Information received from the City of Lancaster established the total tax assessment for the campus and all of the other taxable and non-taxable real estate owned by Franklin and Marshall College at $63,824,800.
Each year the State Board of Real Estate Tax Equalization provides and updated ratio of Assessments to Market Values for each county. For 2007, Lancaster’s ratio was 73.6%. Thus the theoretical Market Value for all of F & M’s holdings amounts to $63,824.800 / .736 = $86,718, 478.
If $86,718,478 truly represents the market value of all of F & M’s holdings, campus plus numerous satellite buildings, then the approximately $180 million Convention Center Project is worth twice as much.
Doesn’t this defy common sense? Can the convention center project really be worth twice as much as all of F & M’s real estate holdings? Not likely.
A drive around campus by an experience real estate developer and investor, NewsLanc’s publisher, suggested at least $120 million in market value, even after taking age into consideration. (It could be much more.) If the many off campus real estate holdings were included, the figure would likely be close to $130 million.

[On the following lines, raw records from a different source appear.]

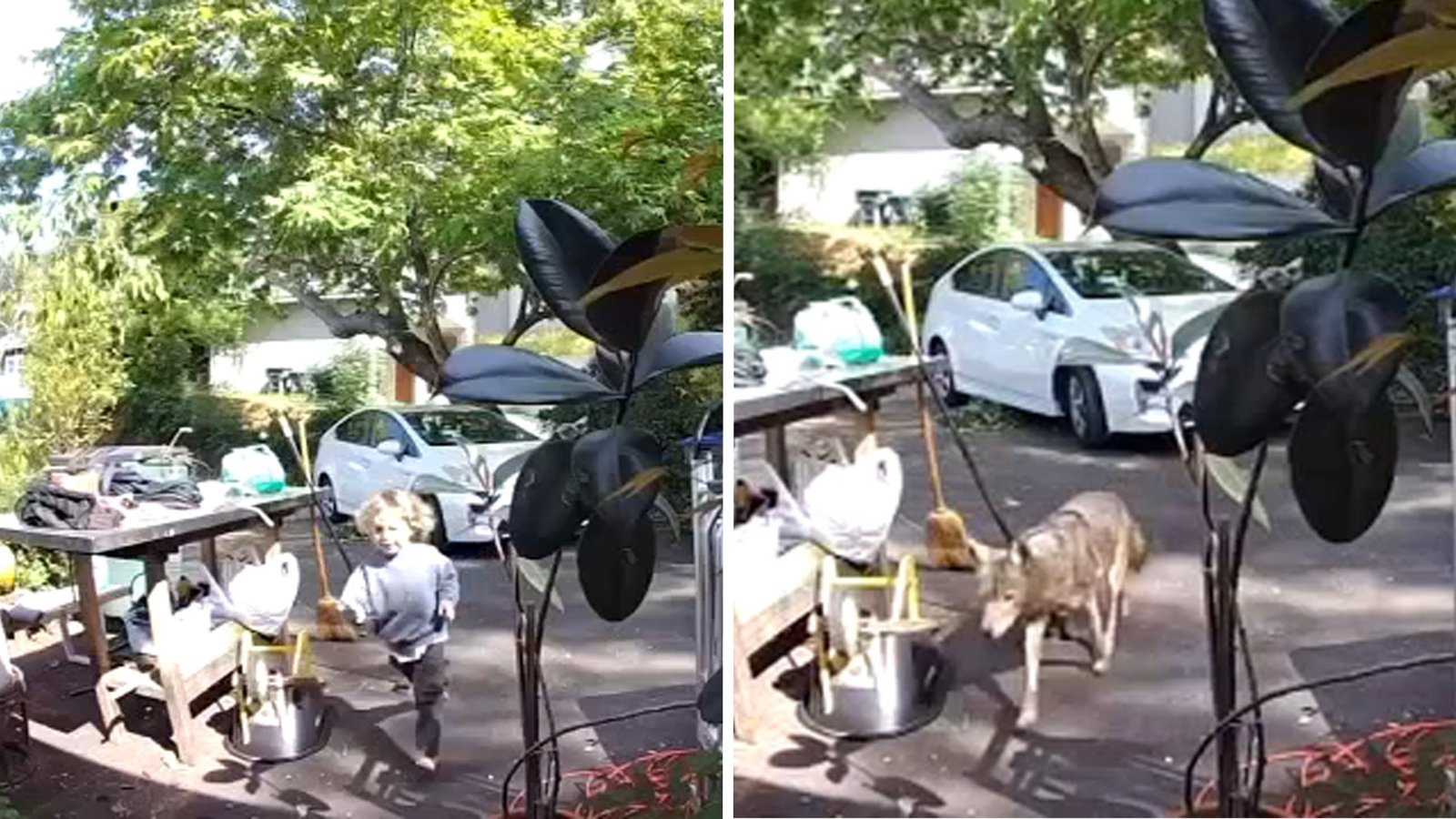 Coyote caught on video chasing 3-year-old boy outside of Pasadena home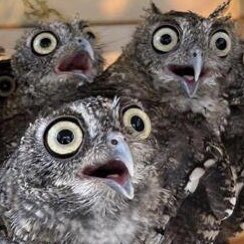 技專辦-郭孟璋 profile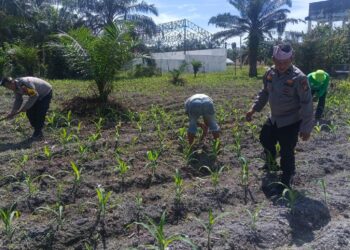 Polsek Kunto Darusalam Dukung Ketahanan Pangan Nasional Melalui Pengendalian Hama Dan Pengelolaan Irigarasi Pertanian di Desa Pasir Luhur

Why is the county assessment value out of line? Since much of F & M's holdings are not taxable, there has never been a need to precisely value them. Furthermore, setting values on campuses requires a lot of added work and expertise because the buildings tend to be for 'special use.'
Assuming that the assessment is only two-thirds of what it should be: The 33% payment in lieu of taxes instead of being $161,200 - $44,655 (for services in kind) = $116,545 might well be $241,800 - $44,655 (for services in kind) = $197,145.
Therefore, to indeed pay 33% in lieu of taxes, F & M owes the City an additional $80,600 annually!